Muhammad Bilal, Jon Crowcroft, Ruizhi Wang, Xiaolong Xu, Schahram Dustdar

Published May 14, 2026
Editorial review6.8
Relevance0.478
Freshness0.000

Why It Matters

What makes this one worth your time

Understanding how large language models can be safely and effectively integrated into NetOps and AIOps is crucial for improving operational efficiency and reliability in IT systems.

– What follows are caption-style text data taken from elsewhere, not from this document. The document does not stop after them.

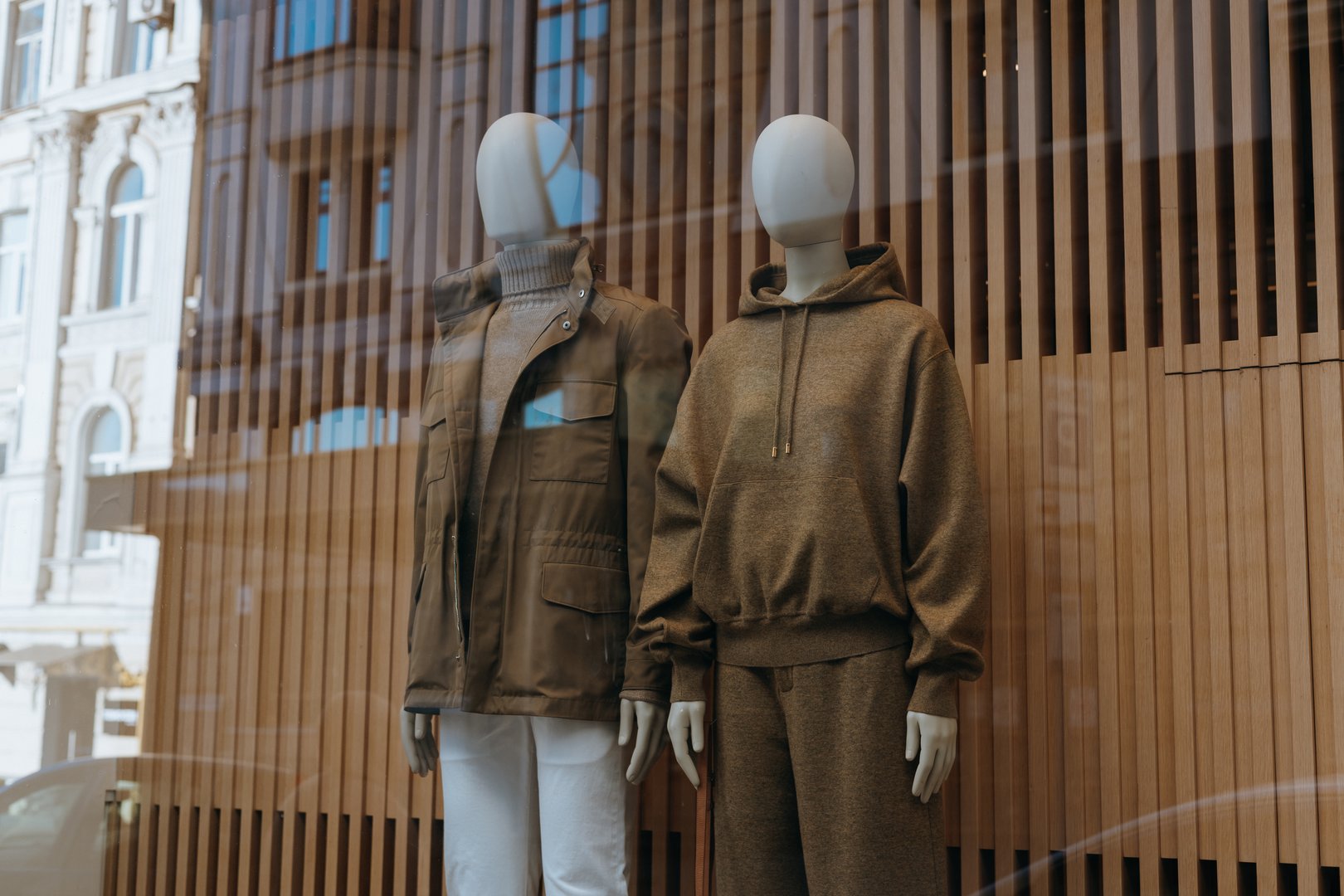 Fashionable window display Two mannequins in trendy casual fall, winter outfits featuring neutral colors, field jacket, a cozy hoodie, showcasing modern apparel trends.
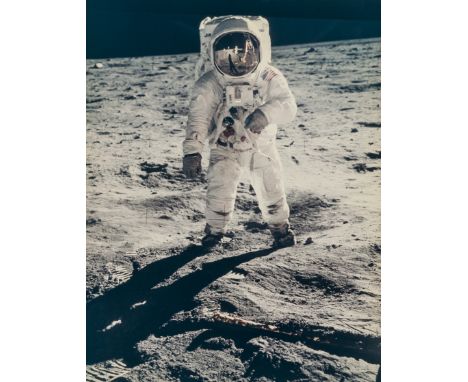 Armstrong (Neil) Buzz Aldrin with the reflection of his shadow, the lunar module, the U.S. flag and Armstrong in his convex g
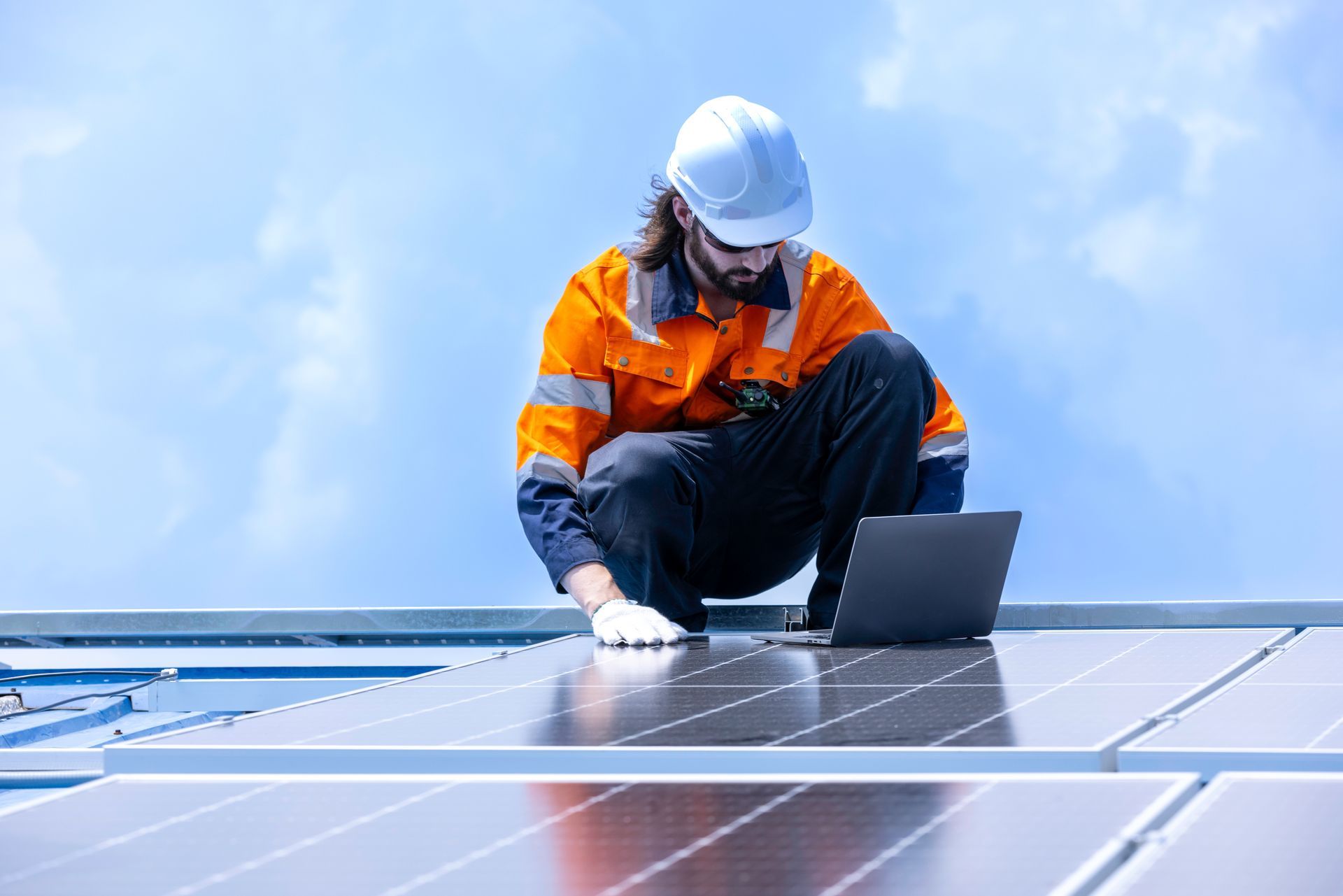 View of a solar panel technician with safety gear checking a panel against blue sky. View of a solar panel technician with safety gear checking a panel against blue sky.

The paper examines the role of large language models in enhancing NetOps and AIOps with a focus on safety and evaluation.

Summary

The paper explores the use of large language models in network operations (NetOps) and AI for IT operations (AIOps), focusing on architectures, evaluation methods, and safety concerns. It organizes existing literature around autonomy, tool scope, evidence traces, and assurance contracts, emphasizing the importance of the surrounding machinery for operational reliability. The paper also discusses the need for workflow-centered evaluation and addresses security, privacy, and governance risks.

Key contributions

  • Organizes literature around autonomy and assurance contracts for NetOps and AIOps.
  • Proposes workflow-centered evaluation methods for agentic systems.
  • Highlights security, privacy, and governance risks in operational control.

Notable insights

  • Operational reliability depends more on the surrounding machinery than on the language model itself.
  • Evaluation should focus on workflow-centered metrics rather than static question answering.

Possible limitations

  • Not stated in the abstract

Abstract

arXiv:2605.12729v1 Announce Type: cross Abstract: Large language models are increasingly being used to support network operations (NetOps) and artificial intelligence for IT operations (AIOps), including incident investigation, root-cause analysis, configuration synthesis, and limited self-healing. In both NetOps and AIOps, this shift is changing how tasks are managed. Agent-based operations work as workflows, from gathering evidence to taking action, following permissions, policies, and checks, and providing rollback options when necessary. This is crucial because operational decisions can have instant impacts. To make the argument concrete, we organise the relevant literature around the hierarchy of autonomy, tool scope, evidence traces, and assurance contracts. These contracts define what an agent may observe, propose, and execute. They also define the checks that must pass before any action is allowed. A consistent pattern appears across work on telemetry query recommendation, diagnosis, root-cause analysis, configuration synthesis, change planning, and limited self-healing. Operational reliability does not come chiefly from the model itself. It depends on the machinery around the model. We also argue that evaluation should go beyond static question answering. Agentic NetOps and AIOps systems require workflow-centred evaluation, including trace quality, bounded tool use, safe proposal generation, replay in sandboxed environments, and canary trials with rollback-aware scoring. Without these measures, a system may appear robust yet remain too fragile. Finally, we examine security, privacy, and governance risks that become acute when agents sit close to operational control surfaces. Taken together, the survey concludes that progress in intelligent NetOps and AIOps will depend on treating autonomy as a constrained operational control problem, whose outputs must be reliable, auditable, and securely deployable.